Propaganda Canadian style

 

There are not many photographs of school children at Kuper Island Residential School, but there were many formal portraits of the school bands. Children stood ramrod straight posing for the photographs. The schools showed off the bands as a way of showing the general public the good works at the schools. It was part of the program of propaganda. Propaganda Canadian style. The media ate it up and fed it to the Canadian public without any critical thought to what was happening. The media like the rest of us were blissfully ignorant. But they helped spread the government’s message about how lucky the young Indian children were to be going to Montreal from Kuper Island British Columbia on a trip with their band.
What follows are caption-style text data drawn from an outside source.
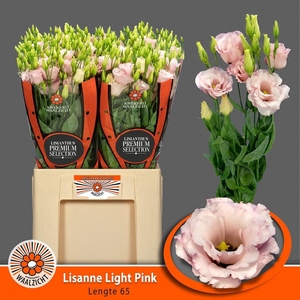 Eus G Lisanne L Pink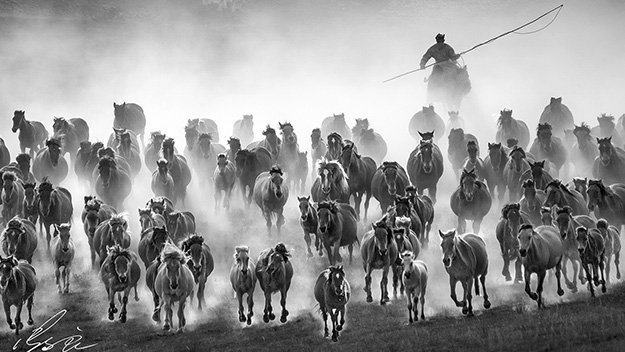 金秋壩上--張鈞良老師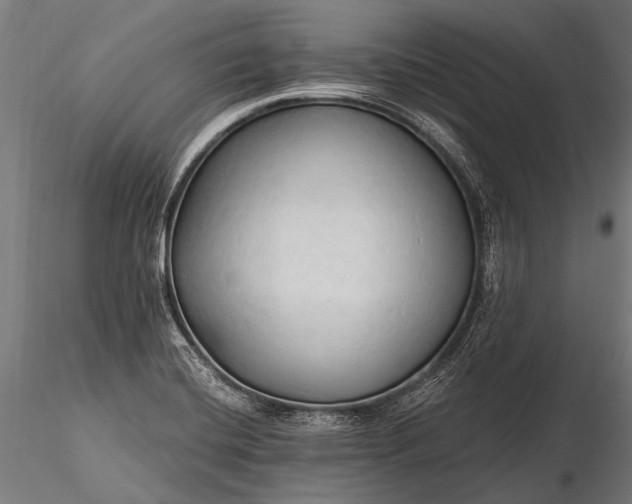 X0000116321420200912151232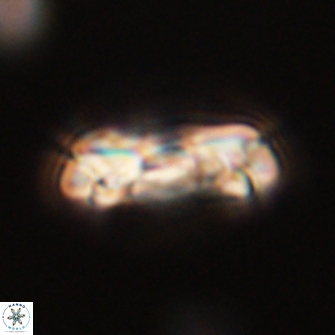 Denisea subpertusa 52958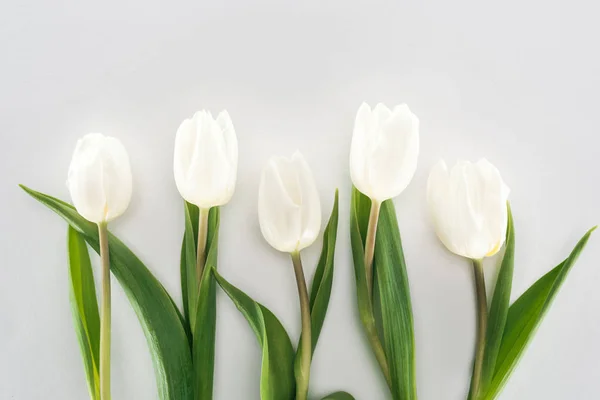 Vue Dessus Des Fleurs Tulipes Blanches Isolées Sur Gris — Photo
As Duncan McCue the host of the CBC podcast pointed out,

“The media was complicit in helping to manufacture support for residential schools. In one feature the missionaries are portrayed as fighting an uphill battle in their efforts  to educate children because ‘as soon as a boy or girl returns to a home environment they lose all ambition, and initiative, reverting to the reserve to become drunks.’ Though the reporter does acknowledge there was a certain prison atmosphere to Kuper Island.”

 

This propaganda showed the public what great things the churches and government were doing for the benefit of Indians. Who could not be impressed? Especially when young children who had often never been away from their home reserves went to big cities like Montreal. Imagine that! What a thrill that must have been for the Indigenous kids.

The bands from Kuper Island residential school played all over Vancouver Island and even the mainland. Every Remembrance Day and many other events throughout the region had a band from that school. Canadians responded enthusiastically to those bands.
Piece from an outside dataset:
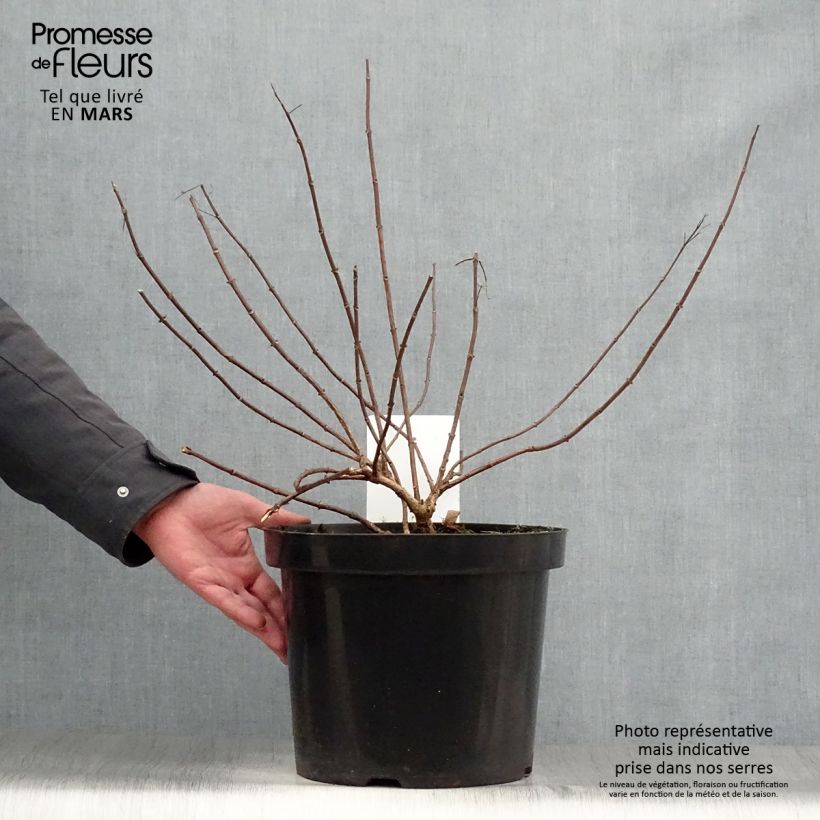 Example of Hydrangea paniculata Diamant Rouge - Ortensia paniculata Vaso da 7,5L/10L, A cespuglio as you get in printemps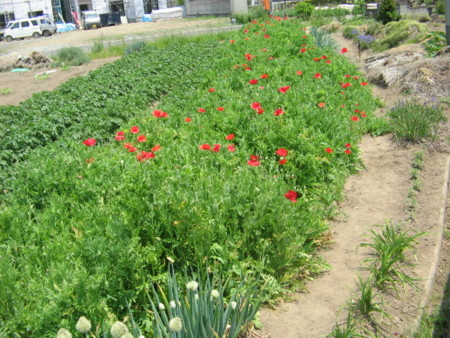 f:id:iirei:20100518111411j:image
Remarkably, Father Brian Dufour, an Oblate brother from Kuper Island Residential school,  hatched a plan to take the band to perform at Expo 67. I remember as a young lad recently graduated from High School I drove to Montreal for that festival with a bunch of friends. We were also incredibly excited by that. I sadly, don’t remember if I heard that band or not. We did hear musical performances. The only band I remember was a group called Three’s a Crowd. My friends and I were much more interested in drinking at bars and looking for young ladies. The bars were illegal for us, but that did not stop us. The girls largely and sensibly  ignored us rubes from the prairies.  We had a lot of fun. We were not concerned about “Indians”. We were pitifully ignorant.

Tony Charley was invited to join the band and got to go on this exciting trip to Montreal, the largest city in Canada at the time. For the big trip to Expo the children were dressed up in Hollywood “Indian” garb-buckskin and feathers. It did not matter to anyone that it looked nothing at all like traditional west coast regalia. After all, it was all a show wasn’t it?
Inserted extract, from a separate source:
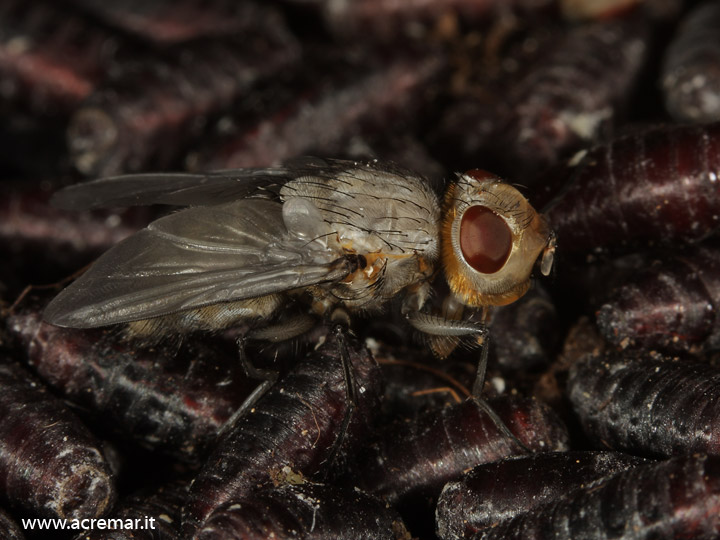 Calliphora vomitoria (Calliphoridae)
But the kids were a hit at Expo, led by the charismatic Father Brian Dufour. The school raised more than $10,000.

Everyone was happy. Well, most were happy. Mayor Drapeau welcomed them to Montreal. It was a place for mutual understanding and peace Drapeau said.

Tony and his brother James were invited by Brother Dufour to stay an extra month. What lucky guys. It was a surprise and they jumped at the chance. They had no parents to ask for permission. In other words they were the most vulnerable of the vulnerable. They just agreed to stay with Brother Dufour into August. August was when I arrived with my buddies in Montreal. I often wonder if we somehow crossed paths.

Brother Dufour asked James to sleep with him one night and Tony the next. They were very inexperienced young boys. Tony was about 15 years old. His brother James was younger. Each of the boys confided to the other that Brother Dufour did “funny things to them at night.”  They did not know what they meant, but both were very uncomfortable with what happened.

Brian Dufour was actually pretty young at the time as well. He was well thought of as a devoted young Christian working hard to better “Indian” children.  According to the CBC podcast, Dufour’s parents were very proud of their son and his work, but they did not know that he would visit boys in their bedrooms during the night to sexually abuse them. After all his parents were good Catholics and thought their son was as well.

Dufour was grooming the boys. That expression was not known in 1967. At the end of the summer, Brian Dufour was transferred to another residential schools and wrote a public letter saying how much he would miss the children of Kuper Island.

Of course, the troubles for Tony and James did not end there. Dufour was gone, but there were other predators in the residential school and they were vulnerable. The propaganda paved the way for the abuse.